ルパンのブログの中でバトンに、ルパンの彼女のことが書いてあった。
気が強いんだか弱いんだか、わからない子。
でも、側にいて守っていてあげたい感じ。
クラリス…。
どうやら、ルパンの恋人はフジコではなく、
「カリオストロの城」のクラリス姫らしい。
ふ~ん、私は守ってあげたいってタイプじゃないから、
この人のタイプではなさそうね。
そんなことを考えた。
コメントを書く。
何だかラブラブですね~!昔を思い出しましたよ。
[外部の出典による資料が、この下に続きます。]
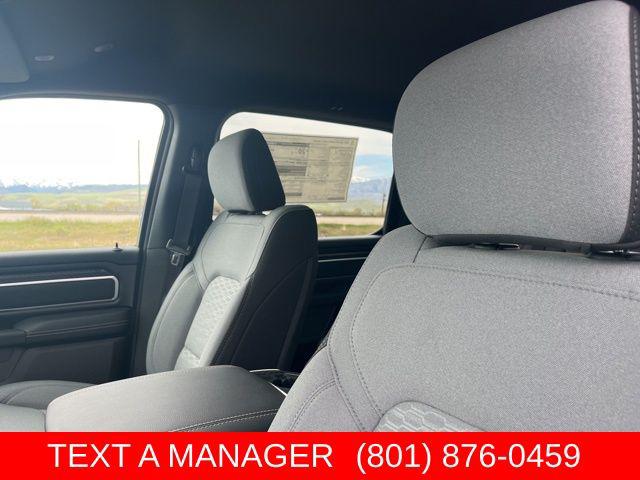 2026 Ram 1500 Big Horn Crew Cab 4x4 5'7" Box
ふふふ!
翌日、ルパンのブログを訪ねてみた。
コメントに返事が書いてある。
久々に真面目にノロけてしまったようです。
でも、遠距離なんですよ~。
なかなか会えないんで、守りたくても守れないんですけどね…。
そうなんだ~。
昔、パパとは遠距離恋愛をしていた。
会うといつも楽しくて、別れの時間が来なければいいのに…
そう思っていた。
昔の自分たちのようだ。ますますルパンに親近感を覚えるネネ。
が、ルパンのブログは私生活が全く書かれていない。
あるのは映画の紹介や、気に入った曲の紹介、或いは何かの感想ばかり。
でも、その内容はネネが知ってるものが多かった。
なのでコメントも書きやすかった。
これ面白いですよね~!
でも、男性って、あまり恋愛にハマらないみたいですね。
いつも仕事や他の事に夢中になってて。
書いているうちに夫のことを思う。
付き合っている時は、あまり話さない人だった。
時々ポツリと話す映画の感想が面白くて、あちこち見に行った。
結婚してから、こんなにいろいろ考えていたのか、
と思う位話すようになった。
いや、もともとそういう人なのかもしれない。
テレビを見ては思ったことをコメントしている。
時にはテレビに話しかけてるんじゃないかと思う位だ。
ネネは逆だった。
ネネは家では静かだった。
ボ~っと、何かが流れていくのを見るのが好きだ。
なので、流れていく夫の話も楽しい。
パパは、仕事ばかりじゃなかったな。
そんなことをネネは思う。
真面目に働くけど、仕事は金を稼ぐ手段であって、
趣味はあくまでも別と思っている感じがする。
稼いだお金を趣味や楽しみに使うタイプなのだ。
そう考えると、自分のこのコメントは、
夫タイプの男性に当てはまらないかもしれない。
でも…
まあ、いいか。
ネネはそのままコメントを送った。
ルパンのブログは、ルパンが多忙なために返事がなかなか書かれない。
もうネネもそのコメントのことは忘れかけていたある日、
コメントの返事が書かれているのを発見した。
僕は、そうでもないです。
好きな人と会った時はその人との時間を楽しんで、
ハマっているような気がするし、
会ってない時は目の前のことに取り組みます。
この話のように、自分に才能がないから、
そこまで打ち込まないってことかも しれません。
あはは。パパのようだな~。
そう思うと、昔の夫と話しているような錯覚をネネは覚えた。